As the days and weeks go by without resolve, it is becoming increasingly clear that Brexit negotiations could indeed fail. Theresa May alluded to the idea of a ‘no deal’ in her speech on Friday where she took a notably bullish tone. If stories out of Salzburg are to be believed, it was this bullish tone that resulted in the other EU leaders giving her the cold shoulder. It is hard to know who the guilty party is in these negotiations as prior to last week’s summit, EU leaders had spoken about a bespoke deal be on the table. However it has now become apparent that neither May’s Chequers proposal nor a Norway/Canada style exit will suit either party, and it feels like talks have now come to a stalemate. While the UK economy appears to be holding up for now, it would be a huge risk for the government to exit the EU without a deal in place. We only have to go back 40 years to when the UK was last bailed out by the IMF during the 1976 financial crisis. While the economy is far better grounded today, the past should serve as a reminder of the vulnerabilities.
President Tusk has also tightened the deadline for a deal on the backstop. Stating that unless we see significant progress by the October summit then he would not call a summit in mid-November. In the currency world, EURGBP no surprisingly is acting as the temperature gauge for where the Brexit process stands. No surprises too that EURGBP spiked higher on Friday peaking at .8992 (GBPEUR low 1.1121), yesterday whilst failing to push on through the 0.9000 mark it has managed to hold much of its ground and continues to trade close to those highs at .8964 currently. Looking at GBPUSD also, sterling also experienced a big sell off on Friday as would be expected with the rate trading down as low as 1.3050. However, general dollar weakness ensured the major pivot line of 1.3000 didn’t come into play. Yet again, last week’s major price action and political roller coaster shows how important getting your hedge policy in place ahead of the coming key months for the Brexit process.

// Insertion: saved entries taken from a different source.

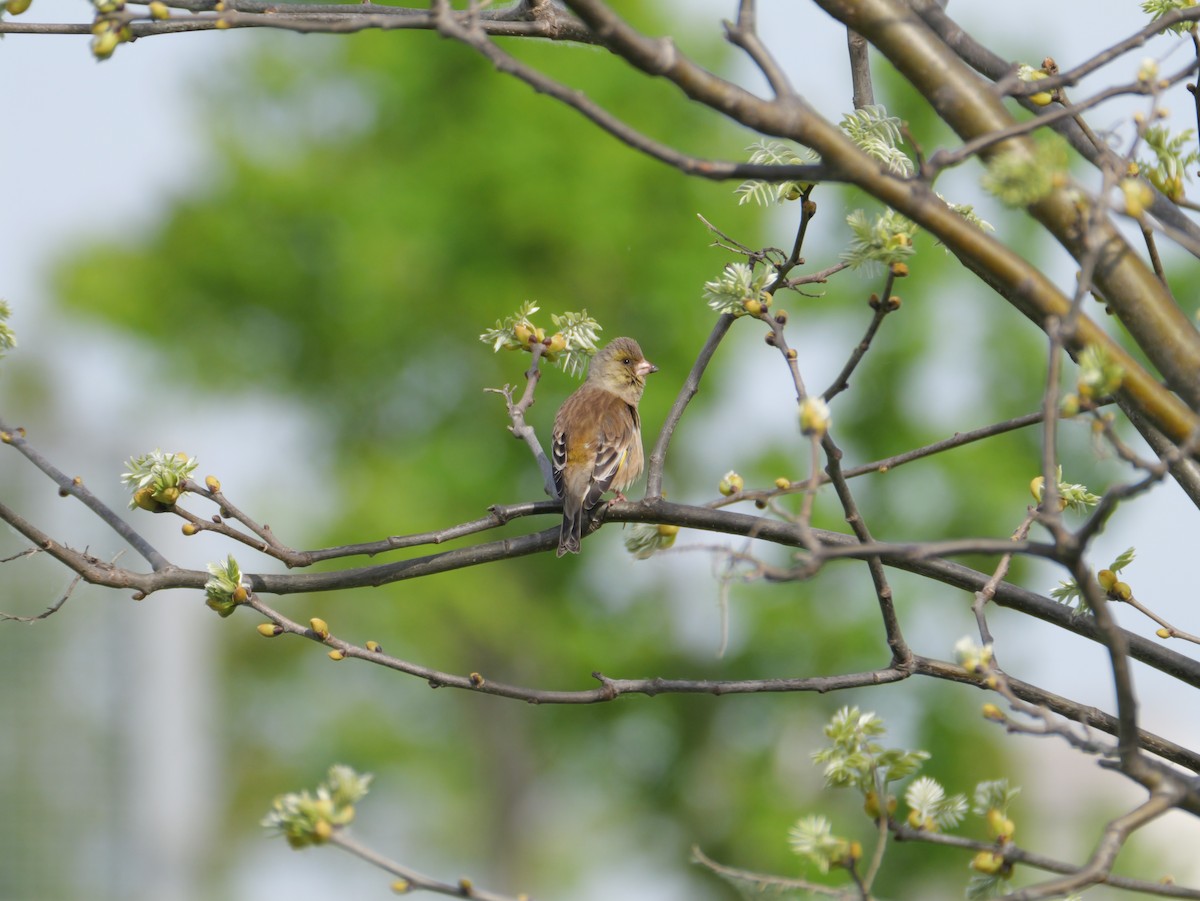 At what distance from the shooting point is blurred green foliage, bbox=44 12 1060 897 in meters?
15.4

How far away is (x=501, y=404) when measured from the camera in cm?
1560

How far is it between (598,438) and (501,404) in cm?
1017

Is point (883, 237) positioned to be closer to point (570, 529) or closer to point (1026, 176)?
point (1026, 176)

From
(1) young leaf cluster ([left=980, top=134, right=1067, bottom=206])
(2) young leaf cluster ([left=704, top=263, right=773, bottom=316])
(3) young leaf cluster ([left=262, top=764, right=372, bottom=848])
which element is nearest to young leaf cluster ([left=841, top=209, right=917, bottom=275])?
(2) young leaf cluster ([left=704, top=263, right=773, bottom=316])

In the Eurozone, Mario Draghi looks to be back to his old tricks where he lets his words do the work. Markets for now appear happy to obey too on the back of his speech yesterday with the euro up 0.6 percent against the dollar at 1.1815, its highest level since June. At the ECB’s September meeting he set the tone stating the uncertainty surrounding the inflation outlook is receding and expected underlying inflation to pick up and to gradually rise towards the end of the year. Draghi came out with a similarly hawkish tone yesterday stating that there was a “relatively vigorous” pickup in underlying euro-area inflation, and signaling that the ECB is well on track to raise interest rates late next year. The ECB looks on track now to end it bond buying program in December and if Draghi’s statement is to be believed, increase rates next year. EURUSD opens back lower this morning at 1.1751 but a strong close above 1.18 is needed in order to bring other key resistance levels into play and open up 1.1850/53 and then 1.1949. For now, supports sit at 1.1725, 1.1700/05 and 1.1670.